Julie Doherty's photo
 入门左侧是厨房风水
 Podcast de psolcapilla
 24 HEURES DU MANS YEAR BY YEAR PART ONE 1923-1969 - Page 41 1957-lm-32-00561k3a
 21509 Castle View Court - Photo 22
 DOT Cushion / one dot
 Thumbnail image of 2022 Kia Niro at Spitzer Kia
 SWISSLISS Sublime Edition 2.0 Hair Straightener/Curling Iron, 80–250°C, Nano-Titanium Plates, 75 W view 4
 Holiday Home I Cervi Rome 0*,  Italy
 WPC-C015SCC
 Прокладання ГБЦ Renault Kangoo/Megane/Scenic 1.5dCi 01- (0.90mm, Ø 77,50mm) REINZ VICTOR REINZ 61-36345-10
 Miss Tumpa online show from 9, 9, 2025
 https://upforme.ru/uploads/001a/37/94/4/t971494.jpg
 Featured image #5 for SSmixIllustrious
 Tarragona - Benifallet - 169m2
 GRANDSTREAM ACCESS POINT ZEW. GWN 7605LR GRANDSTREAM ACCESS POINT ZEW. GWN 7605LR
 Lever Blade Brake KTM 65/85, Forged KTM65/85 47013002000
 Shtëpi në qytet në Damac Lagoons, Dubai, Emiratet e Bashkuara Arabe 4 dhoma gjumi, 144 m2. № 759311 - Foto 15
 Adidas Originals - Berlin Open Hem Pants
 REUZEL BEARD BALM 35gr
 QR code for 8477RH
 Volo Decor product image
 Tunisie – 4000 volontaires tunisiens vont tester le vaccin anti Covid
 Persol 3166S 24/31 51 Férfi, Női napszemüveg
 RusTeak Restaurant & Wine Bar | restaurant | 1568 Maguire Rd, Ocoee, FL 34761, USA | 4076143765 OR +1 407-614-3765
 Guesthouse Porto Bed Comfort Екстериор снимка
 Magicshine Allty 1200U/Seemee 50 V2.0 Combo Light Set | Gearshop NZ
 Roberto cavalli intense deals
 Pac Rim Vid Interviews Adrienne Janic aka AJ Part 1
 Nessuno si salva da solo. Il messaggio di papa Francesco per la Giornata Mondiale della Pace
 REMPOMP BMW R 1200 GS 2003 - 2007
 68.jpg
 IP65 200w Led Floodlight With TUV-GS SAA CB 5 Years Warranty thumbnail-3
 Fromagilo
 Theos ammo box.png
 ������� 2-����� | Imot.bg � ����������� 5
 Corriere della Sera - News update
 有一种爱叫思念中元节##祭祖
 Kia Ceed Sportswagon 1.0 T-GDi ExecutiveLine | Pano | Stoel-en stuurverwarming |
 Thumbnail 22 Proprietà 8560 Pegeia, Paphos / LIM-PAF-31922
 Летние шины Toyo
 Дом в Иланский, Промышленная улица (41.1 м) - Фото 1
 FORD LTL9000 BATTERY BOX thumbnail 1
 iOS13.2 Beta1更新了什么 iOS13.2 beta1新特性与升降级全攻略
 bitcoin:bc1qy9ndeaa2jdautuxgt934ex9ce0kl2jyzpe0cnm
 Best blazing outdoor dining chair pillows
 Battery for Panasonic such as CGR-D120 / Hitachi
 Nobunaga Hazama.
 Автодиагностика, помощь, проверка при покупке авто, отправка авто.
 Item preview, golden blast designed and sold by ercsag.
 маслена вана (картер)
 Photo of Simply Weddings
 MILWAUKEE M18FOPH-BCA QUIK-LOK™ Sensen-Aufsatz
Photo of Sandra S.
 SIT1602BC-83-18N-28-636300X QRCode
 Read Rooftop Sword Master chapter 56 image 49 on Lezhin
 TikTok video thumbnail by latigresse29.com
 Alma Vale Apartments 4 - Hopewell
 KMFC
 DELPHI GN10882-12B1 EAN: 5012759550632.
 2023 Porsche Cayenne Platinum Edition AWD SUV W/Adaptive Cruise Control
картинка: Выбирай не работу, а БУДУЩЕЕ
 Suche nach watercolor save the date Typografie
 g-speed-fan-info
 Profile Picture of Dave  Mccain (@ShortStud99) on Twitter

····················

EXERCISE OBJECTIVE: Everything above from the line with "Lever Blade Brake" to the line with "картинка: Выбирай не работу, а БУДУЩЕЕ", both included, must be repeated exactly, and nothing outside that range.

ANSWER BELOW:
 Lever Blade Brake KTM 65/85, Forged KTM65/85 47013002000
 Shtëpi në qytet në Damac Lagoons, Dubai, Emiratet e Bashkuara Arabe 4 dhoma gjumi, 144 m2. № 759311 - Foto 15
 Adidas Originals - Berlin Open Hem Pants
 REUZEL BEARD BALM 35gr
 QR code for 8477RH
 Volo Decor product image
 Tunisie – 4000 volontaires tunisiens vont tester le vaccin anti Covid
 Persol 3166S 24/31 51 Férfi, Női napszemüveg
 RusTeak Restaurant & Wine Bar | restaurant | 1568 Maguire Rd, Ocoee, FL 34761, USA | 4076143765 OR +1 407-614-3765
 Guesthouse Porto Bed Comfort Екстериор снимка
 Magicshine Allty 1200U/Seemee 50 V2.0 Combo Light Set | Gearshop NZ
 Roberto cavalli intense deals
 Pac Rim Vid Interviews Adrienne Janic aka AJ Part 1
 Nessuno si salva da solo. Il messaggio di papa Francesco per la Giornata Mondiale della Pace
 REMPOMP BMW R 1200 GS 2003 - 2007
 68.jpg
 IP65 200w Led Floodlight With TUV-GS SAA CB 5 Years Warranty thumbnail-3
 Fromagilo
 Theos ammo box.png
 ������� 2-����� | Imot.bg � ����������� 5
 Corriere della Sera - News update
 有一种爱叫思念中元节##祭祖
 Kia Ceed Sportswagon 1.0 T-GDi ExecutiveLine | Pano | Stoel-en stuurverwarming |
 Thumbnail 22 Proprietà 8560 Pegeia, Paphos / LIM-PAF-31922
 Летние шины Toyo
 Дом в Иланский, Промышленная улица (41.1 м) - Фото 1
 FORD LTL9000 BATTERY BOX thumbnail 1
 iOS13.2 Beta1更新了什么 iOS13.2 beta1新特性与升降级全攻略
 bitcoin:bc1qy9ndeaa2jdautuxgt934ex9ce0kl2jyzpe0cnm
 Best blazing outdoor dining chair pillows
 Battery for Panasonic such as CGR-D120 / Hitachi
 Nobunaga Hazama.
 Автодиагностика, помощь, проверка при покупке авто, отправка авто.
 Item preview, golden blast designed and sold by ercsag.
 маслена вана (картер)
 Photo of Simply Weddings
 MILWAUKEE M18FOPH-BCA QUIK-LOK™ Sensen-Aufsatz
Photo of Sandra S.
 SIT1602BC-83-18N-28-636300X QRCode
 Read Rooftop Sword Master chapter 56 image 49 on Lezhin
 TikTok video thumbnail by latigresse29.com
 Alma Vale Apartments 4 - Hopewell
 KMFC
 DELPHI GN10882-12B1 EAN: 5012759550632.
 2023 Porsche Cayenne Platinum Edition AWD SUV W/Adaptive Cruise Control
картинка: Выбирай не работу, а БУДУЩЕЕ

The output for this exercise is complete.